Another objective of the MCLM is to ‘offer’ non-political party candidates from the amongst the Malaysian professionals/lawyers and the civil society movements to ALL the political parties contesting the general election that may either be short of candidates or are not able to find ‘quality’ candidates to field in the elections.

This, incidentally, is also Dr Mahathir’s objective, said Sanusi. So this is even more reason why Dr Mahathir should not block our effort since what we are attempting is something he too is talking about.

One thing these political parties must understand is that the MCLM candidates are not going to be ‘party stooges’ and neither will they seek positions in any political party. Their loyalty will be to the voters, the rakyat, and not to the political party that they represented in the elections. This will be our term and condition and if this is not acceptable to these political parties then they are free to reject our offer of candidates.

It is not the intention of the MCLM to become another political party or to participate in three-corner fights with Barisan Nasional and Pakatan Rakyat. It is to complement both coalitions in addressing a most important issue concerning Malaysian politics — and that is to see the emergence of ‘politik baru’ or ‘new politics’. It is also to see the realisation of a two-party system — which means we have to ensure that both coalitions are equally strong (or equally weak, as the case may be) and ‘better-balanced’ than they are now.
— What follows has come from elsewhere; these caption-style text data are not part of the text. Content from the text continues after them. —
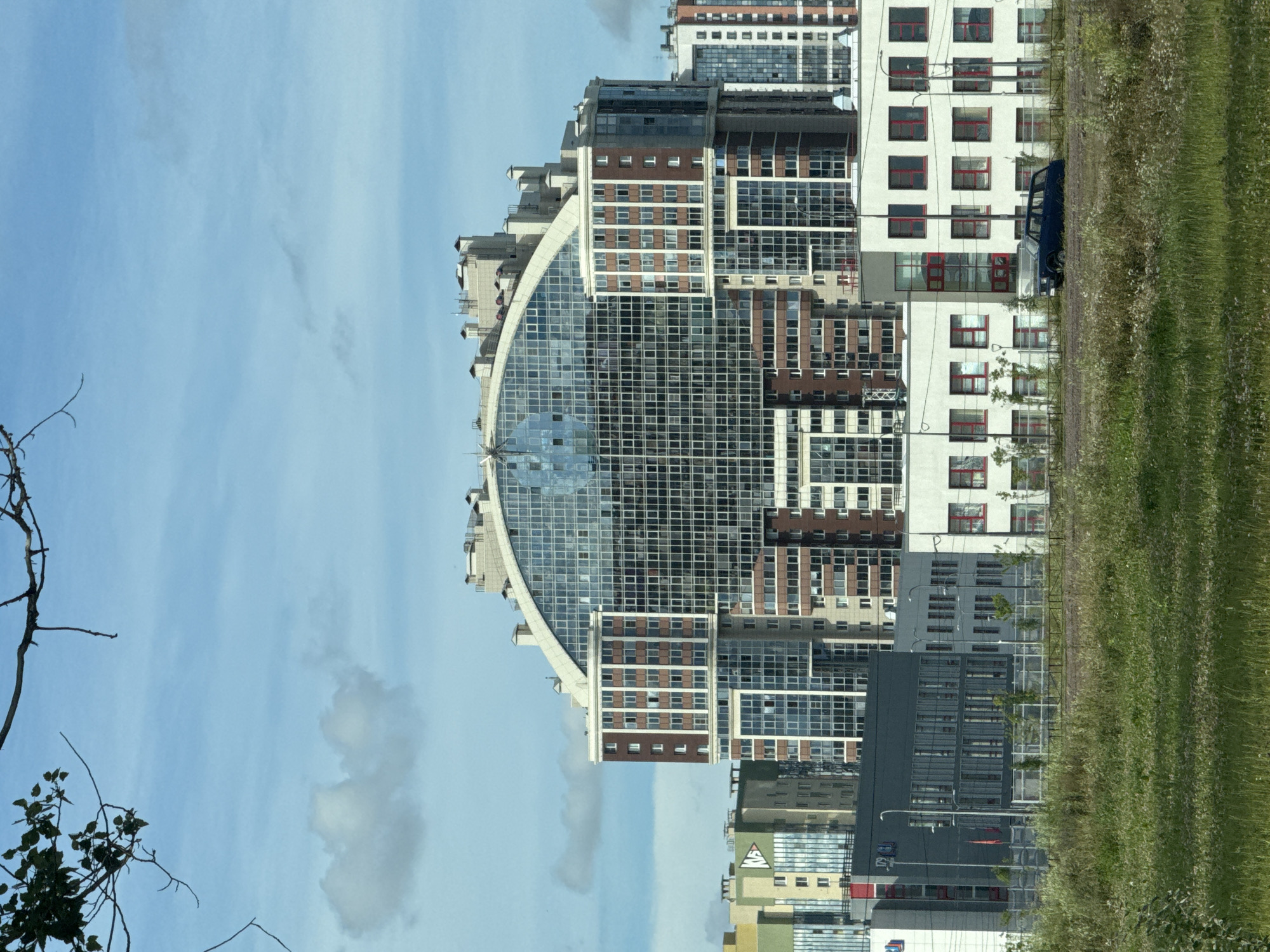 Curved glass residential tower in a new Saint Petersburg development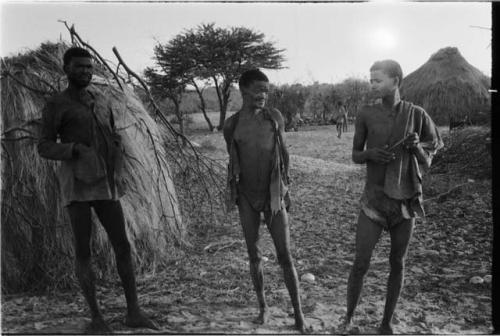 Three men standing, huts in background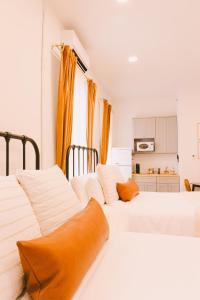 two white beds in a bedroom with orange pillows at The Historic Hattie House in Abingdon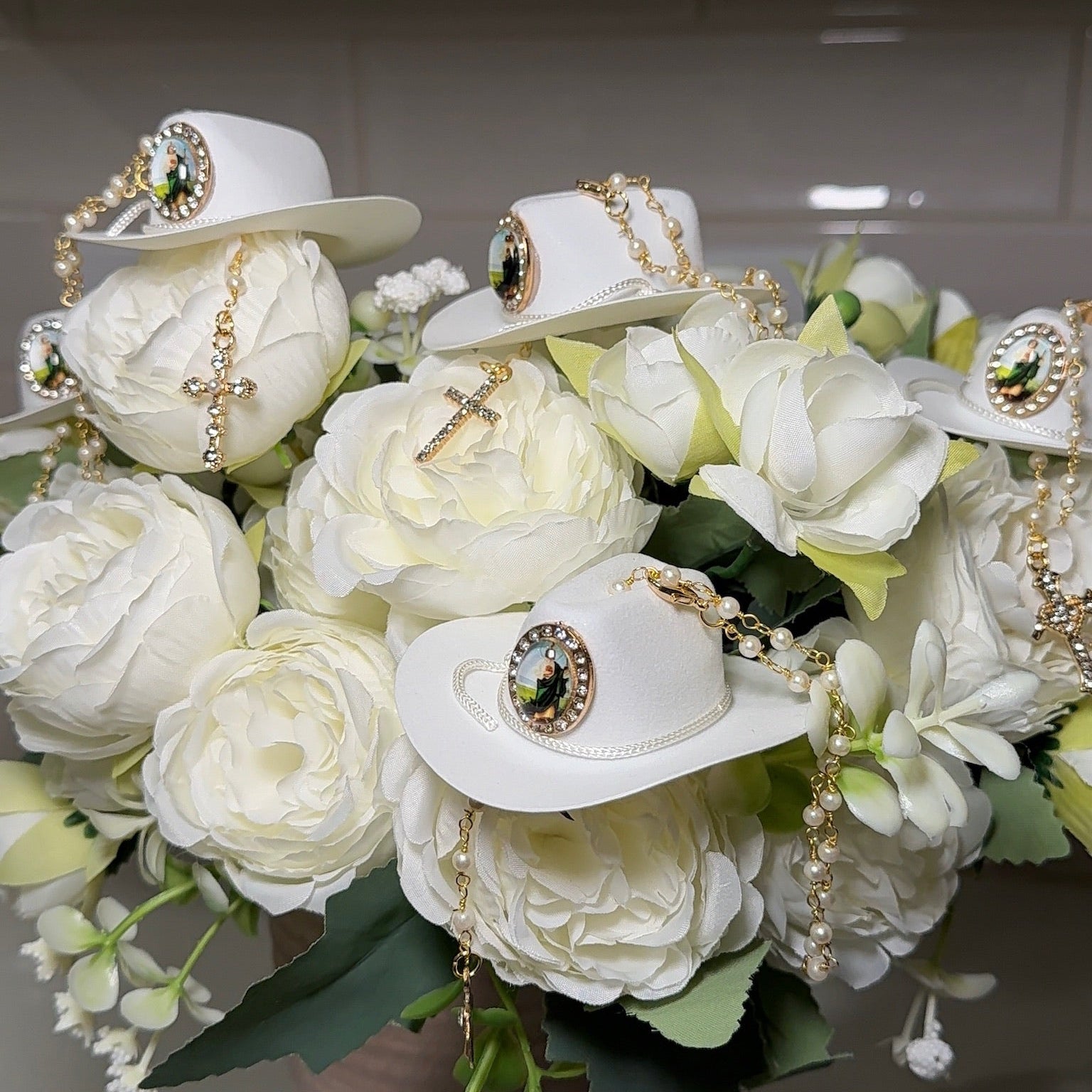 White cowboy hats with decorative elements on a bouquet of white flowers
I have also spoken to various leaders from Gerakan, PKR, PAS and DAP about this and the first impression appears to be that the idea is being well-received — of course as long as these politicians do not see the MCLM as a competitor because politicians are suspicious of competition.

It is actually too premature for me to tell you more because we shall only be legalised by this weekend. However, since Kayveas has somehow already got wind of it (because Sanusi may have informed Dr Mahathir about our discussion this month who in turn informed Kayveas), and since Kayveas has pre-empted my move with his statement about the matter, I thought I would give Malaysia Today’s readers a heads up or early warning of what’s to come.

Anyway, don’t react just yet until all the details about the MCLM are revealed. We hope the MCLM will become a new and exciting milestone in Malaysian politics and that it would be able to satisfy what many are lamenting about and what appears to be lacking in Malaysian politics.

That’s all for now but stay tuned and I shall tell you more as we go along. I hope that many of you who talk about doing something but do not know what you can do will participate in the Malaysian Civil Liberties Movement and help push Malaysia towards seeing that change that we clamour for.